***** Supplied data
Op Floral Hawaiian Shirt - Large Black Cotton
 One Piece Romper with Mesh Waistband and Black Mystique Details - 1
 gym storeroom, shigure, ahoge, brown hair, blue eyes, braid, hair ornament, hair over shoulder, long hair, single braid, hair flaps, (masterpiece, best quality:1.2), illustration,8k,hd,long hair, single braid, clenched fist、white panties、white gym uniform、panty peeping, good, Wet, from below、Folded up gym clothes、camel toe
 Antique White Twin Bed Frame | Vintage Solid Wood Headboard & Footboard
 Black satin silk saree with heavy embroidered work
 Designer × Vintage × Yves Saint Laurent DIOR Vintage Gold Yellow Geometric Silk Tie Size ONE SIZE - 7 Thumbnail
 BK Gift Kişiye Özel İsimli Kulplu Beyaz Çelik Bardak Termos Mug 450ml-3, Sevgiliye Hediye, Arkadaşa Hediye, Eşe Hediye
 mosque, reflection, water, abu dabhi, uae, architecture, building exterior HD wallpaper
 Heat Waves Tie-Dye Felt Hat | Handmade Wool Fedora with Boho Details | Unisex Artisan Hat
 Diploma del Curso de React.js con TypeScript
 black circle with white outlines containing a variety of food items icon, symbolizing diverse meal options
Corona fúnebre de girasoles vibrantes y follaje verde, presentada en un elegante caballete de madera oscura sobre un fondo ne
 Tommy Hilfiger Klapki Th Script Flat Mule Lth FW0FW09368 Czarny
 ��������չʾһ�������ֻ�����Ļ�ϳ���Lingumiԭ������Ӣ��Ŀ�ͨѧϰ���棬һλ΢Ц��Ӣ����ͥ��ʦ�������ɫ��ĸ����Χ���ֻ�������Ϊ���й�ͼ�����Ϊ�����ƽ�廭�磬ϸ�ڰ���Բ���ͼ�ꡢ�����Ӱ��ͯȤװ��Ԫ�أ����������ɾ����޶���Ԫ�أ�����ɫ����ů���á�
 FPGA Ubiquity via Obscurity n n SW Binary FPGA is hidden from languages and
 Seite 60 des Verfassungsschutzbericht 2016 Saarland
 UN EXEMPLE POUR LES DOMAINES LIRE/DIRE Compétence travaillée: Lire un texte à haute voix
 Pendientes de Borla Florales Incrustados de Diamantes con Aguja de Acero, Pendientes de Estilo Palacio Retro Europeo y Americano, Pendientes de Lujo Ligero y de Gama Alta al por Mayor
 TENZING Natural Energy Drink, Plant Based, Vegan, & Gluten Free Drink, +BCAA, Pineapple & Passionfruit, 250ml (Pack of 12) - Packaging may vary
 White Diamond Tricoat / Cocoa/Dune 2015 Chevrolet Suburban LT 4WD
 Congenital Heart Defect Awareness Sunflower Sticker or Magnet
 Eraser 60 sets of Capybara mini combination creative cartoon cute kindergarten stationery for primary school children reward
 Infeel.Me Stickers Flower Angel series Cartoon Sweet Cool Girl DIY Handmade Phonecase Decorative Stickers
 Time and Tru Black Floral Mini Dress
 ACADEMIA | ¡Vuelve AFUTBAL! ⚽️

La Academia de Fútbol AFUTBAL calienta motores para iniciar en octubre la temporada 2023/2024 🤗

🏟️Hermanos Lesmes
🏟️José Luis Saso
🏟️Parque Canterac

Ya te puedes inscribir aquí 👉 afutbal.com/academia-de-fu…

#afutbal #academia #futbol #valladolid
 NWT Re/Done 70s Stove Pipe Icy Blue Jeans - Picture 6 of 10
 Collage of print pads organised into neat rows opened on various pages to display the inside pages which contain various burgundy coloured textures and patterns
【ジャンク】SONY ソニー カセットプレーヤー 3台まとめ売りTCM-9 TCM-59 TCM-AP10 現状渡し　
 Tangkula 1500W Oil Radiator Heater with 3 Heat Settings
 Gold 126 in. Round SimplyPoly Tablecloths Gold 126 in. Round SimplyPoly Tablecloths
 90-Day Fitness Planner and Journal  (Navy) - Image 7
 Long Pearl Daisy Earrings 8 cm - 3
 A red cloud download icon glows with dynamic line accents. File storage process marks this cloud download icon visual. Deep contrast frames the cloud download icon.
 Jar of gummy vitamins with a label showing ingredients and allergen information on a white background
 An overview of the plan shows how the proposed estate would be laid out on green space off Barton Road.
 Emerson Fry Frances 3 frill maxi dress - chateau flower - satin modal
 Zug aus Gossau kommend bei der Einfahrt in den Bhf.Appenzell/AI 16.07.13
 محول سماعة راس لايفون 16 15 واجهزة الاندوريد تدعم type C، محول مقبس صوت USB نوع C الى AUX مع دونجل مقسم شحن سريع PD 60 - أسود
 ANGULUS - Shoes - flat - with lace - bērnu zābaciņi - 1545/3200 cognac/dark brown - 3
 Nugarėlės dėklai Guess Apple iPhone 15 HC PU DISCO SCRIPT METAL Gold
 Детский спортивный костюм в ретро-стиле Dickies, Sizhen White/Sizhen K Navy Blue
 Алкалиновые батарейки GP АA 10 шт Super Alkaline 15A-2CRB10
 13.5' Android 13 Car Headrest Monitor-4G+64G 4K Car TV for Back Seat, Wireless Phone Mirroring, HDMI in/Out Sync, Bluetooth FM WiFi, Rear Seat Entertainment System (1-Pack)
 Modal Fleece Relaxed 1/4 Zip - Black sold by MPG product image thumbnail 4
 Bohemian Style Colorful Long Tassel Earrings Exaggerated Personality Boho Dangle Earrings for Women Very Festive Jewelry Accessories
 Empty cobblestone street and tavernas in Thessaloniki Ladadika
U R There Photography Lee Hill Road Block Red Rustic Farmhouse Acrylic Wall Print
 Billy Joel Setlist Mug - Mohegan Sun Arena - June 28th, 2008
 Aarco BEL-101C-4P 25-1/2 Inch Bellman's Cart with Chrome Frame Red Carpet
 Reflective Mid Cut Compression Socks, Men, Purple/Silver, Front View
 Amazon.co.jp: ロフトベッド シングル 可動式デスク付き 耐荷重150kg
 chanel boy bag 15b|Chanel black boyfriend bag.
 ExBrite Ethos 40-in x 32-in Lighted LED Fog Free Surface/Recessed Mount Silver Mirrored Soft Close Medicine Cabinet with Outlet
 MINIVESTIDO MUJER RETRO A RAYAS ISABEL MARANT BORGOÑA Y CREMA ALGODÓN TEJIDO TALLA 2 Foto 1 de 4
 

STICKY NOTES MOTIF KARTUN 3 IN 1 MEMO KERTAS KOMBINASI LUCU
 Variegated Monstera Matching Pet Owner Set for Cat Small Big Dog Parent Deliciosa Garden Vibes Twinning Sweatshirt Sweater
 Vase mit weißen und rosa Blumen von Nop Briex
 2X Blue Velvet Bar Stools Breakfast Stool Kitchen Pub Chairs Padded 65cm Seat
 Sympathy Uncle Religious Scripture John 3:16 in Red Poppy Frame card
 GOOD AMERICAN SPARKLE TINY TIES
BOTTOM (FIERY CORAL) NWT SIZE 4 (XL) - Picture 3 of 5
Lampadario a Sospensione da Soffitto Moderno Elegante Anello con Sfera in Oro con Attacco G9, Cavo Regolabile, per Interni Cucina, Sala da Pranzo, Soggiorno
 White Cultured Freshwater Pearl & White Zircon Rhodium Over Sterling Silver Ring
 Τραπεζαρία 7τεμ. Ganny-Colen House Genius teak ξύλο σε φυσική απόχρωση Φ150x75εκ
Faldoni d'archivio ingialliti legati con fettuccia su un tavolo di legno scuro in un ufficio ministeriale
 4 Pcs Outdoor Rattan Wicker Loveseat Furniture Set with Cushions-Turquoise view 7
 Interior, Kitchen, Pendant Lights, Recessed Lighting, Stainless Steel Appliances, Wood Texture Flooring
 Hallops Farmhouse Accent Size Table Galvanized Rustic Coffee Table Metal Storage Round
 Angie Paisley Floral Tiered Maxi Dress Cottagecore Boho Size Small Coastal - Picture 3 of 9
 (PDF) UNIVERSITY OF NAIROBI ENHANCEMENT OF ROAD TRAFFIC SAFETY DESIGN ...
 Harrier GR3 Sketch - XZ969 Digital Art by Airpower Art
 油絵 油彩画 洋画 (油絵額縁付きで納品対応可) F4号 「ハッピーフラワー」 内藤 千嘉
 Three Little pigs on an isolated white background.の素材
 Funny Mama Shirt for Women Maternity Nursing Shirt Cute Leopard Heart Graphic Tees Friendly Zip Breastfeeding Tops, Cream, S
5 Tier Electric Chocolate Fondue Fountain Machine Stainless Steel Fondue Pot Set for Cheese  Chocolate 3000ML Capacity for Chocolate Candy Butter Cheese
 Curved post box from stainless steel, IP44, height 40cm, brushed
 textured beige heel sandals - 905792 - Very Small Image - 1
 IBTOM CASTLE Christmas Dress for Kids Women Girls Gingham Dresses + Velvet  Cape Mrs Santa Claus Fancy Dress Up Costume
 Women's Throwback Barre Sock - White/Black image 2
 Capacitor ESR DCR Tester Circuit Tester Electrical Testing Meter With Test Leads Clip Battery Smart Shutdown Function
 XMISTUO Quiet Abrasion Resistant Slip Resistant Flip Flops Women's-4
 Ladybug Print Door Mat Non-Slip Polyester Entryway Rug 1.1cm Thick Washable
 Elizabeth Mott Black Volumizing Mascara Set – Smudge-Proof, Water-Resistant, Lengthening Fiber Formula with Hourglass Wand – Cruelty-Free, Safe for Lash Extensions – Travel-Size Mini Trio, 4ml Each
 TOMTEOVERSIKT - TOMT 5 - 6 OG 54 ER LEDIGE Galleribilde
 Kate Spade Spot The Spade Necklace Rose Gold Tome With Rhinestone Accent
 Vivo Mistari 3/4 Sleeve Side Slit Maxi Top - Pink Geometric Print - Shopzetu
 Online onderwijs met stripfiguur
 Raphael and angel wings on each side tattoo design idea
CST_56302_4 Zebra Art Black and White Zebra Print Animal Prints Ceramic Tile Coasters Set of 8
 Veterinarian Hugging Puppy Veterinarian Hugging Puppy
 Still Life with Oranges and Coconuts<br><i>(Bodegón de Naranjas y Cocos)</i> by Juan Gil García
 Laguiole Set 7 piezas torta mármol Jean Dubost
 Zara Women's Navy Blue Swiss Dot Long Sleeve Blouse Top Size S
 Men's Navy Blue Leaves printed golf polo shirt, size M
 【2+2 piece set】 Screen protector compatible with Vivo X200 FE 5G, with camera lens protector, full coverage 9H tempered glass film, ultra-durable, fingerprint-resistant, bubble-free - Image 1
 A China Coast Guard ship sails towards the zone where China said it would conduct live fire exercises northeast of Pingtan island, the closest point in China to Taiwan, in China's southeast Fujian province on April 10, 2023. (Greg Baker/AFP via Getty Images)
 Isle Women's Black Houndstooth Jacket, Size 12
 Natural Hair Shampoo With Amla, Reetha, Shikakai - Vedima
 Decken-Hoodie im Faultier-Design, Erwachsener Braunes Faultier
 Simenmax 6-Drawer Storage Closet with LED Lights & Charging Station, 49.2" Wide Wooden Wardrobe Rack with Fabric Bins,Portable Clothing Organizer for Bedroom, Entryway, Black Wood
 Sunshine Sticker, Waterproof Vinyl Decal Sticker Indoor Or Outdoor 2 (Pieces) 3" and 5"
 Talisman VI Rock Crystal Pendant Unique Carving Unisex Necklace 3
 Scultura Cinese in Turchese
**********
For this exercise, find all lines in the records containing the word "Lights" and copy them.

- _Solution to the problem_
 Interior, Kitchen, Pendant Lights, Recessed Lighting, Stainless Steel Appliances, Wood Texture Flooring
 Simenmax 6-Drawer Storage Closet with LED Lights & Charging Station, 49.2" Wide Wooden Wardrobe Rack with Fabric Bins,Portable Clothing Organizer for Bedroom, Entryway, Black Wood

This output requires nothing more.